As viagens a Paris e a Londres puseram-na a par do que se fazia de mais moderno em outros países; já, porém, a sua escola se colocava em melhor plano do que aquelas que visitava; sentia que dentro de pouco tempo Séguin estaria superado; ao regressar, trabalhou ainda com mais vontade: dia após dia, das 8 da manhã às 8 da tarde, Maria Montessori instruía os mestres, observava os alunos, redigia as suas notas, atendia a consultas, entrava em ligação com todas as pessoas que podiam ajudá-la; mandara fabricar o material de Séguin e aperfeiçoara-o, pusera de lado o que reconhecia insuficiente, criara ela própria material novo; o esforço físico a que se obrigara prostrou-a por fim; mas os anormais que educara, submetidos a exame nas escolas públicas, prestaram provas tão boas como as dos alunos normais.

Triunfava, mas, no descanso que se impusera, um novo problema a preocupava; como era possível que alunos anormais quase batessem os normais?
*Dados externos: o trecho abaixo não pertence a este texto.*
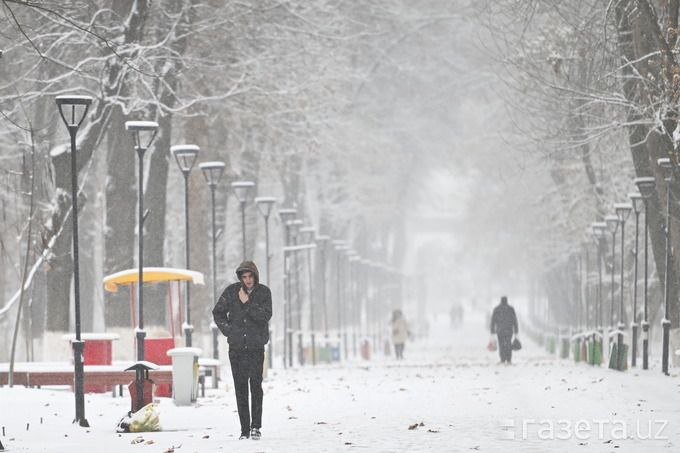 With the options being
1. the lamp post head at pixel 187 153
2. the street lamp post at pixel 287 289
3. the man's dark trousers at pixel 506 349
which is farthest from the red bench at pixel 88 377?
the street lamp post at pixel 287 289

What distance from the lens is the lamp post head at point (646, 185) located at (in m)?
30.1

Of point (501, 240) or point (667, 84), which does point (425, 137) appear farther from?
point (667, 84)

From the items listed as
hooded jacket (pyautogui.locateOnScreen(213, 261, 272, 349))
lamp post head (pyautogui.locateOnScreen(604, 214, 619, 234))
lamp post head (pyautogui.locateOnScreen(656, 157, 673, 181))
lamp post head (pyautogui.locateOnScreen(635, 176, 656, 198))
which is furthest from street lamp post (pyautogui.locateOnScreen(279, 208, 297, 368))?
hooded jacket (pyautogui.locateOnScreen(213, 261, 272, 349))

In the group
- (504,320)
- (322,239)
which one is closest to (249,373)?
(504,320)

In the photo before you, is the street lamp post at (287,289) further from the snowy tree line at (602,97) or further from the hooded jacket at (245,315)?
the hooded jacket at (245,315)

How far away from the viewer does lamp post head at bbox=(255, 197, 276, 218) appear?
122 feet

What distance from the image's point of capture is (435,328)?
122 m

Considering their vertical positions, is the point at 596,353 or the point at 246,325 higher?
the point at 246,325

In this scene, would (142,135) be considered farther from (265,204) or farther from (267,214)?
(265,204)

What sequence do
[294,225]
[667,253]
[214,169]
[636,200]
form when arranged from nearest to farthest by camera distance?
[214,169], [667,253], [636,200], [294,225]

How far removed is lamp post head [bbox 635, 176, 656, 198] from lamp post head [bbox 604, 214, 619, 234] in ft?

Só havia uma explicação: a de que as escolas de normais estavam mal organizadas, a de que os métodos eram péssimos e sacrificavam todas as possibilidades que a natureza, generosamente, tinha distribuído à maior parte das crianças; se assim era (e que dúvida poderia existir?), havia uma faina mais importante do que educar anormais: tinha que libertar os milhões de espíritos que implacavelmente as máquinas escolares diminuíam ou esmagavam; a empresa apareceu-lhe como tão grandiosa, a missão como tão bela que teve medo de se entregar por completo ao sonho magnífico; dominou-se e disciplinou-se: tinha de preparar-se cuidadosamente, antes de se lançar pelo novo caminho que se abria.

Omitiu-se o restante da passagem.